Lottery Bonds

Lottery bonds are required in most states for lottery ticket sellers or those who plan to offer lottery machines. These types of bonds are also called lotto bonds or lottery machine bonds. States require them to protect the public from fraud and abuse surrounding lottery games or winnings.

Qualifying for a lottery bond is normally a quick and easy process, taking less time to approve than many other types of bonds. Applicants usually apply for these bonds while establishing or renewing a lottery retailer license. Although costs vary by state, those with better credit profiles receive the best rates.

What is a lottery bond?

A lottery bond, lotto bond, or lottery machine bond is a type of commercial surety bond that ensures lottery sellers are paying taxes on lottery sales, are not mishandling funds, and are not tampering with lottery games or machinery. This type of bond is required of lottery sellers in most states where lottery tickets are sold. These bonds are legal agreements that are normally required at the time of license renewal for lottery sellers in most states.

How do they work?

If the individual or organization that purchased the surety fails to perform as promised and does not adhere to applicable laws and regulations, a claim can be made on the surety bond by the requiring party, in this case, by the state. The surety company will then pay the state, provided the claim is found to be valid. The bond purchaser is then responsible for repaying the surety company for the claim that was paid.

For instance, if a lottery ticket seller misappropriates lottery monies, fails to pay taxes, or tampers with lottery games or machinery, the state can file a claim on the bond. If the claim is deemed to be valid, then the bonding company will pay the state up to the full face value of a bond. The seller is then responsible for replaying the bonding company.

Of course, it is always best to avoid claims. Besides the possible legal repercussions for tampering with lottery sales or equipment, bonds will become more expensive when claims have been made in the past with the same company. If enough claims are validated, then it could become impossible to become bonded under the same company name.

What could cause a claim on a bond lottery?

Lottery machine bonds ensure that the lotto is fair for everyone and that all relevant lottery regulations are being followed by the seller. Failure to adhere to applicable regulations or failure to pay taxes is the most common reason for state to make a claim.

For example, sellers are often required to provide informational materials to consumers. Failure to do so, where required, could result in an unnecessary claim being made against the bond. Failure to let consumers know when a lotto machine is malfunctioning could also lead to a potential claim on a bond.

In addition, sellers are required to allocate and maintain a certain amount of funds to be able to pay lottery winners, up to a certain amount.
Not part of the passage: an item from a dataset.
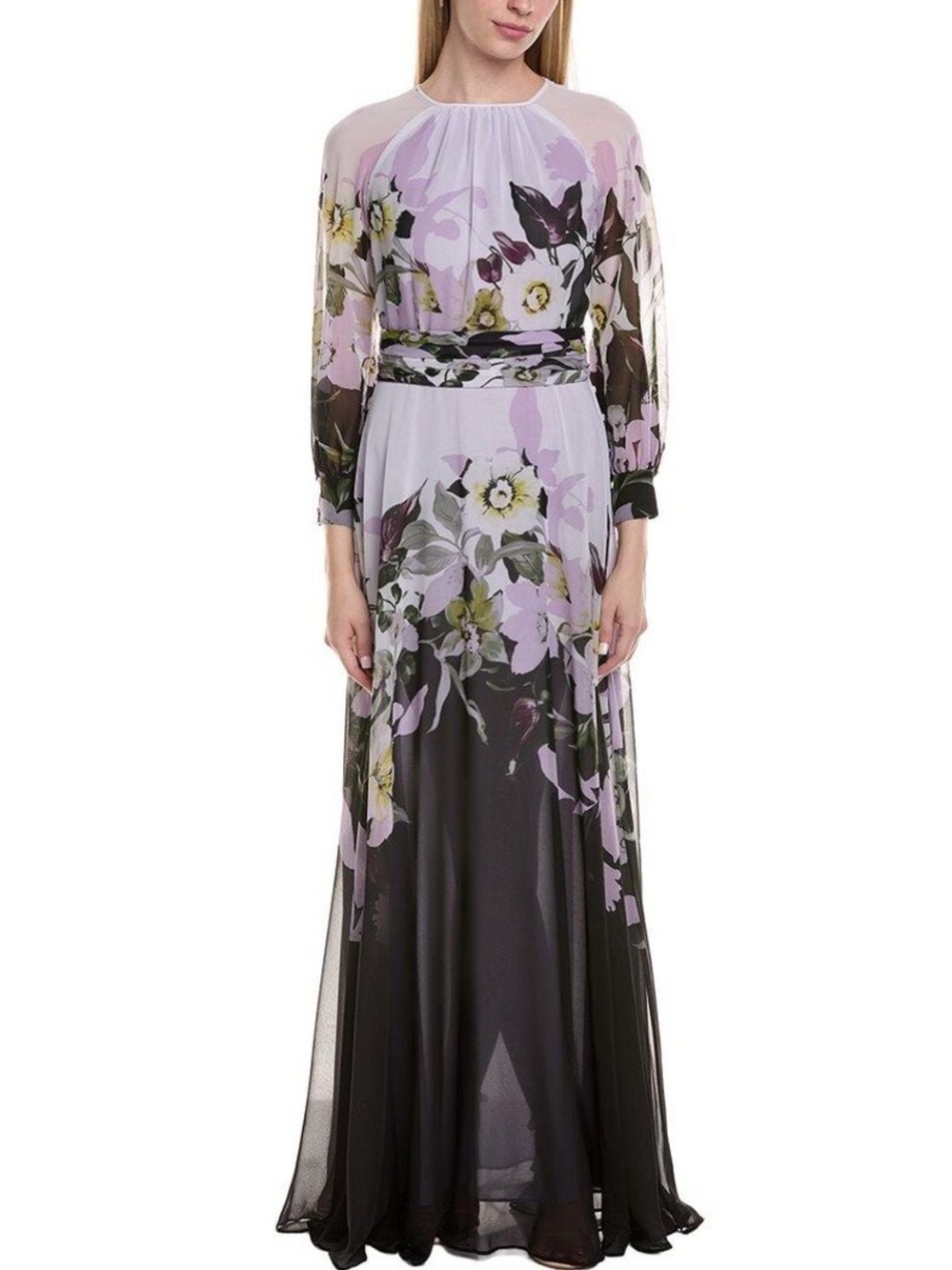 Teri Jon printed maxi dress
If a consumer cannot cash in on a lotto ticket within that amount, due to the seller not having allocated funds, then the consumer can report this to the state’s lottery commission. The state can then make a claim on the bond for full payment.

Sellers are also required to pay certain taxes on lottery sales. Failure to do so can result in claims being filed by your state.

How much does a lottery bond cost?

The total cost of a bond depends on the credit profile of a company or individual, the financial strength of the business and the total bond amount required by your state. Better credit profiles and companies with solid track records will receive lower rates (bonds will cost a lower percentage of the surety amount).

Lottery bonds prices are a percentage of the total bond amount. This is the equivalent of paying a premium on an insurance policy. The full bond amount required is set by state authorities and varies by state. Contact NFP or your state’s lottery commission to find out the full bond amount required by your state.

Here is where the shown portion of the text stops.